Rick H. links to the story about the New Jersey ballot design case and a federal judge finding that the “party line” was unconstitutional. The first claim, unsurprisingly, is an Anderson-Burdick balancing test. But I wanted to draw attention to the holding for the second claim, under the Elections Clause. The court found a likelihood of success on the claim that the law exceeds the state’s power to direct the time, place, and manner of holding elections:
The Elections Clause of the United States Constitution provides that “[t]he Times, Places and Manner of holding Elections for Senators and Representatives, shall be prescribed in each State by the Legislature thereof; but the Congress may at any time by Law make or alter such Regulations, except as to the Places of [choosing] Senators.” U.S. Const. art. I, § 4, cl. 1. When the regulation involves the time, place, and manner of primary elections, the only question is whether the state system is preempted by federal election law on the subject. U.S. Term Limits, Inc. v. Thornton, 514 U.S. 779, 832 (1995). However, when the regulation does not regulate the “time, place, or manner,” courts must consider whether the regulation on its face or as applied falls outside that grant of power to the state by, for example, “dictat[ing] electoral outcomes, favor[ing] or disfavor[ing] a class of candidates, or evad[ing] important constitutional restraints. Cook v. Gralike, 531 U.S. 510, 523 (2001). The Supreme Court has struck down such regulations when they “attach[ ] a concrete consequence to noncompliance” rather than informing voters about some topic. Id. at 524. The timing may also add to the gravity of injury, especially when it occurs “at the most crucial stage in the election process – the instant before the vote is cast.” Id. at 525 (quoting Anderson v. Martin, 375 U.S. 399, 402 (1964)).

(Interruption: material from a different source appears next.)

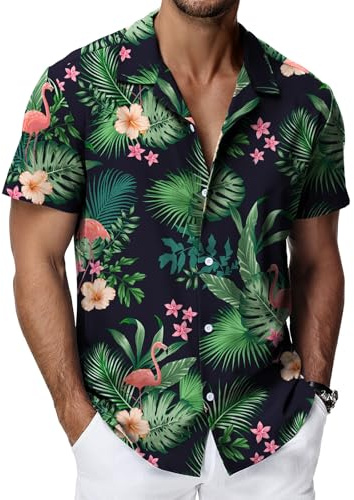 HMIYA Hawaii skjorta män Hawaii-skjorta män kortärmad skjorta button down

Here, as set forth above, the State conferred its power to regulate the “manner” of federal elections to the county clerks, including the Defendant County Clerks, by requiring them to design and print ballots. N.J. Stat. Ann. 19:23-26.1, 19:42-2. In Defendants’ view, the Bracketing Structure is a permissible regulation on the “manner” of federal elections. On the record already reviewed, Plaintiffs’ evidence is sufficient to make their showing of a likelihood they will succeed in establishing that the Bracketing Structure and ballot placement is improperly influencing primary election outcomes by virtue of the layout on the primary ballots. This would clearly exceed a State’s right to regulate the “manner” of federal elections. Cook, 531 U.S. at 525 (“the instant before the vote is cast” is the “most crucial stage in the election process”).
Cook v. Gralike involved a state attempting to print on the ballot whether the candidate supported or opposed a term limits pledge. The court here also cites Anderson v. Martin, where a state attempted to list the race of candidates on the ballot. (For a look at a ballot from the era with racial designations, check out my blog post here.) Both cases, in my judgment, are underappreciated in how we think about election administration and ballot design (I write about both in “Ballot Speech“), and it’s interesting to see how they’re used here in the New Jersey ballot design case. (Of course, this only applies to congressional elections, not state elections.)